Instructions to follow →
Say how many lines below have "with" in them, giving the number alone.

Supplied records →
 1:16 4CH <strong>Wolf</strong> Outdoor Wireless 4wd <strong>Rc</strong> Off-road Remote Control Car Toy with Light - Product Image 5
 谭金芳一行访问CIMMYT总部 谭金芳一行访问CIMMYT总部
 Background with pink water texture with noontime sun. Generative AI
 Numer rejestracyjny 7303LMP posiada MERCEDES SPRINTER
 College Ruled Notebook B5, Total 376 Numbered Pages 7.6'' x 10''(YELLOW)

* * *

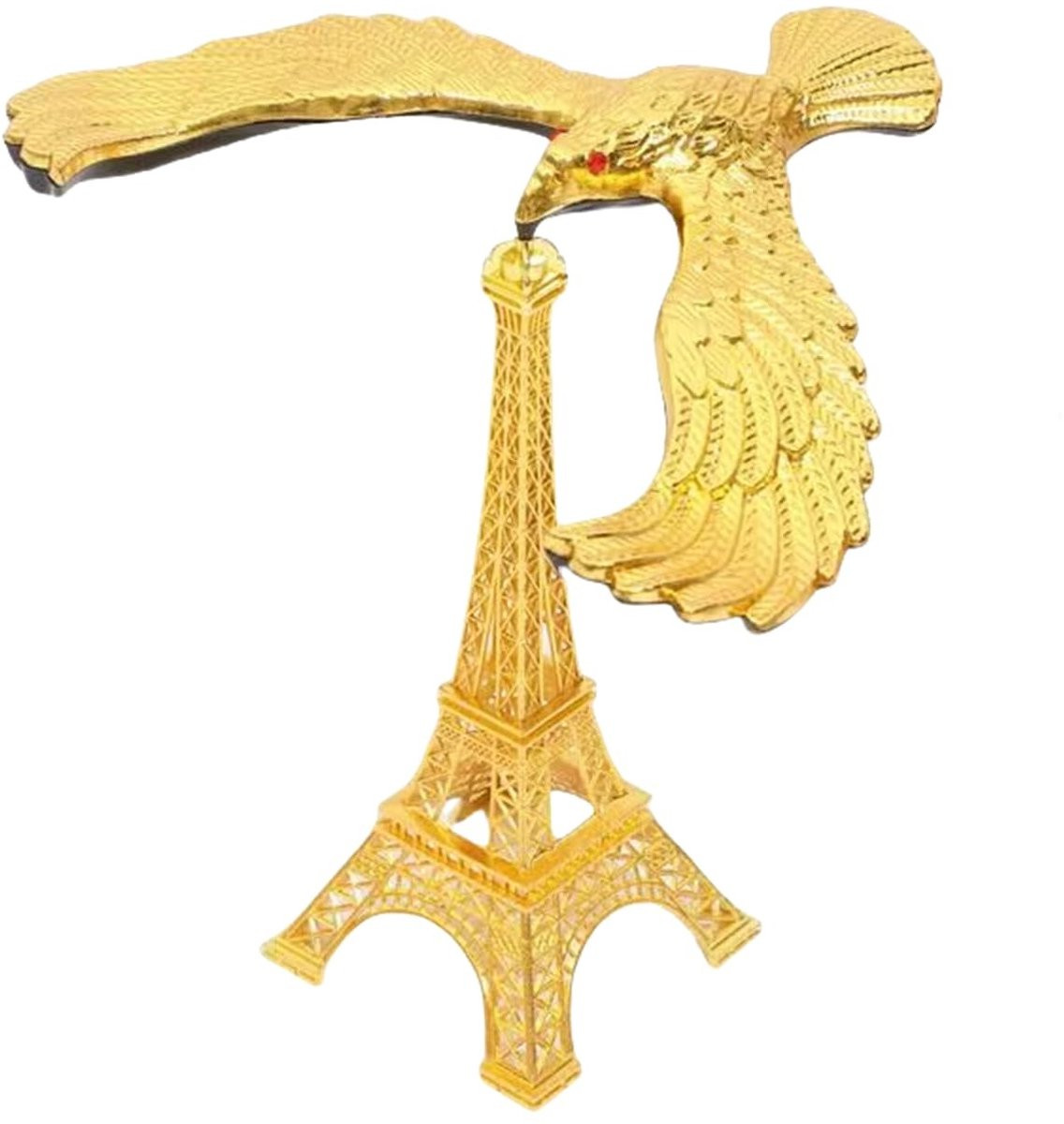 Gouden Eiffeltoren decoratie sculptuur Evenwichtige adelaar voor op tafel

Solution for this task →
2